## Your instructions
Which lines below fall between the one containing "Solid 925 sterling" and the one containing "a table with"? Repeat them exactly, counting both of those lines, and add nothing else.

## Extracted information

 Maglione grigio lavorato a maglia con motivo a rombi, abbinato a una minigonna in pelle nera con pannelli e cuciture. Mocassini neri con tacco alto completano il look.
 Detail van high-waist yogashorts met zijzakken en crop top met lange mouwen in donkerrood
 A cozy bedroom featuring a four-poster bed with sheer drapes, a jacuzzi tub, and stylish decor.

==

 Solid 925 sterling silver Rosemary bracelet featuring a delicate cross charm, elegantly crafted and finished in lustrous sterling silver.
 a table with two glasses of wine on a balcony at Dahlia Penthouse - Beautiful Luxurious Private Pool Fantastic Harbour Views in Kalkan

## Answer box
 Solid 925 sterling silver Rosemary bracelet featuring a delicate cross charm, elegantly crafted and finished in lustrous sterling silver.
 a table with two glasses of wine on a balcony at Dahlia Penthouse - Beautiful Luxurious Private Pool Fantastic Harbour Views in Kalkan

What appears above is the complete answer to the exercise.